_COLLECTED MATERIAL:_
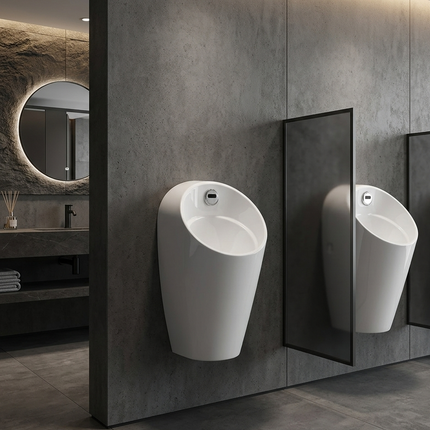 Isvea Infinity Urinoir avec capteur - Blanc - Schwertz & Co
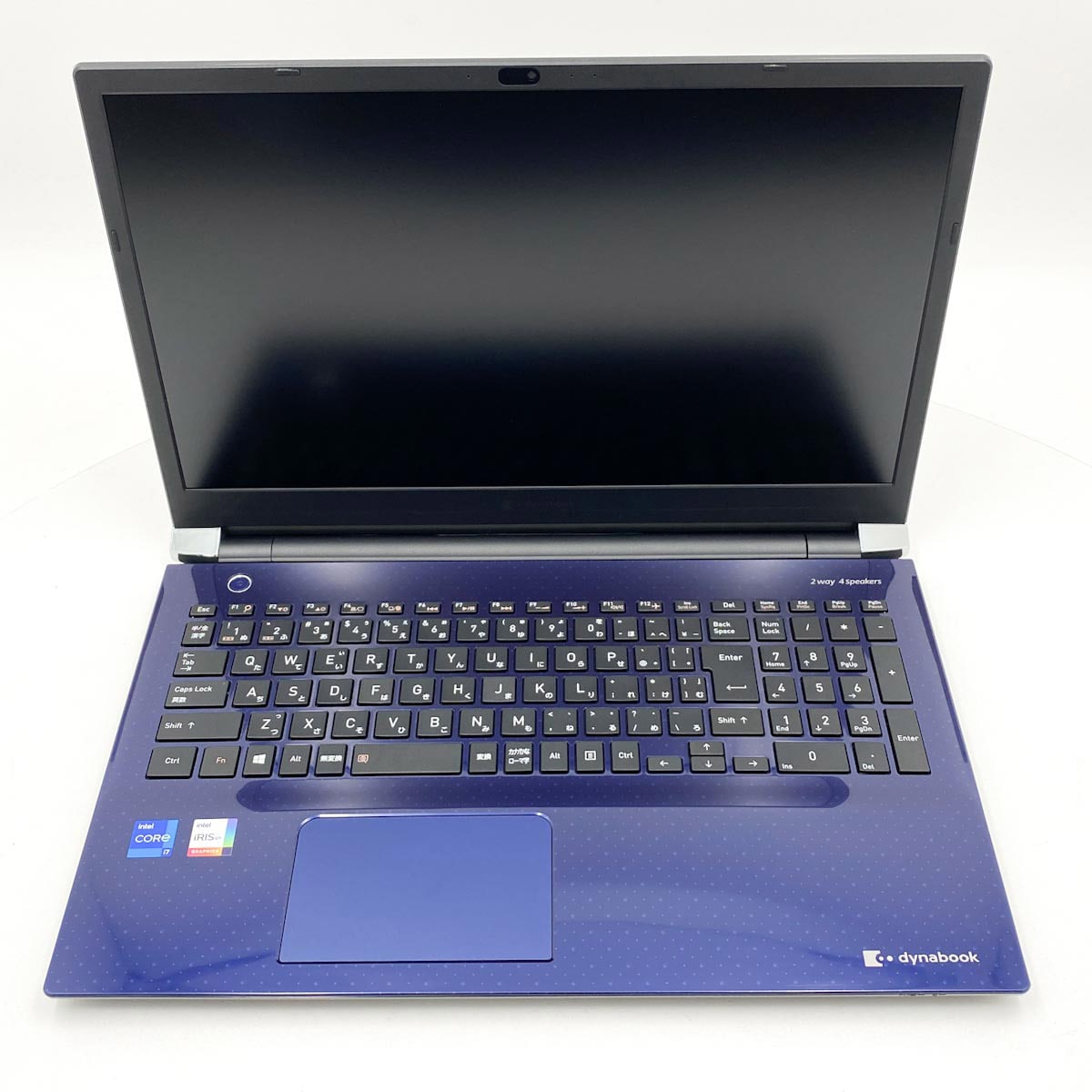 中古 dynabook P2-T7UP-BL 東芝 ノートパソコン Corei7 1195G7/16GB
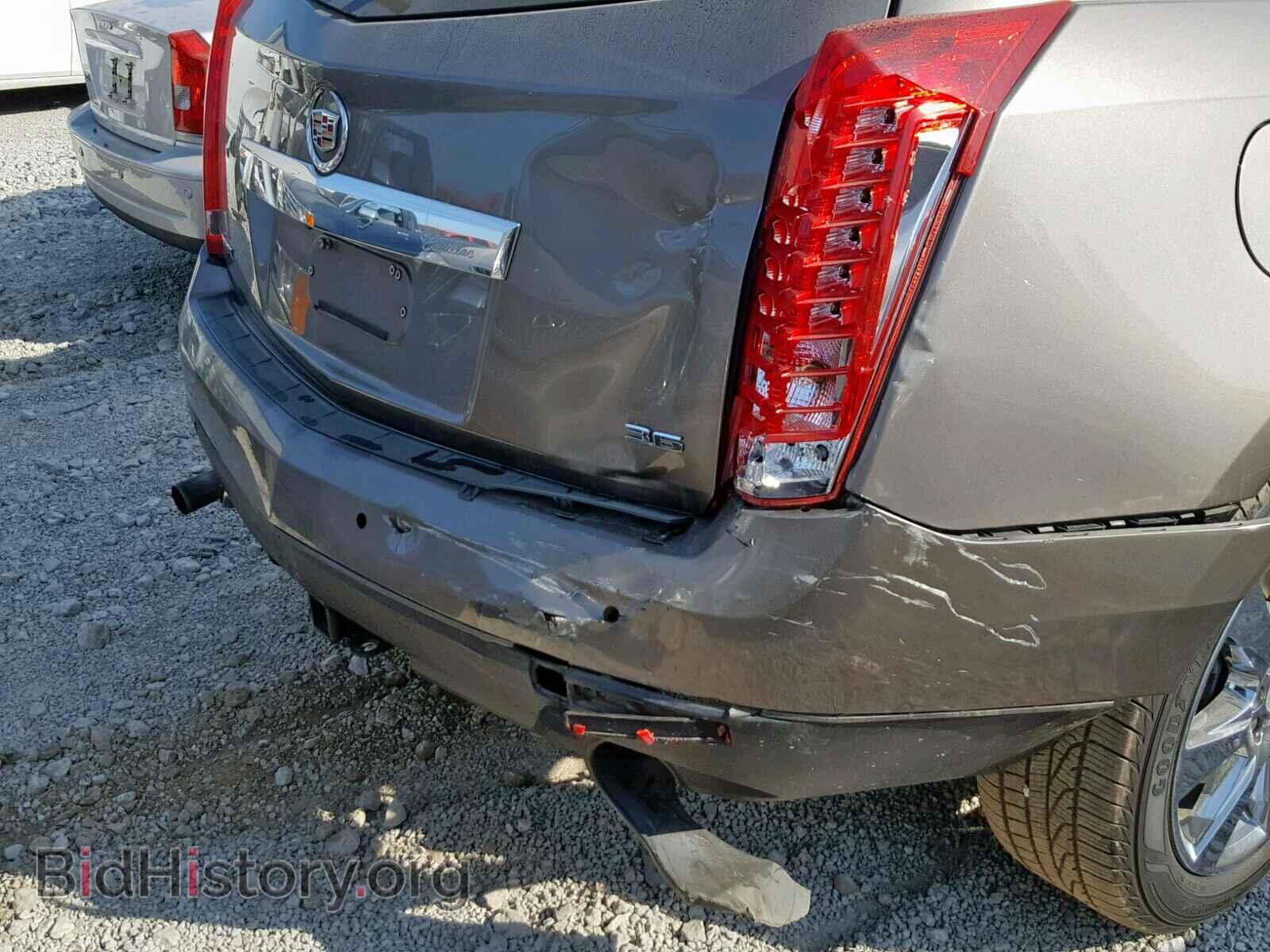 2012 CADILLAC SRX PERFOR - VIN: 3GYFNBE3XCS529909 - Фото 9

_DIRECTIONS FOR THIS TASK:_
Leaving out the pictures, output the listing above exactly as given.

_OUTPUT BELOW:_
 Isvea Infinity Urinoir avec capteur - Blanc - Schwertz & Co
 中古 dynabook P2-T7UP-BL 東芝 ノートパソコン Corei7 1195G7/16GB
 2012 CADILLAC SRX PERFOR - VIN: 3GYFNBE3XCS529909 - Фото 9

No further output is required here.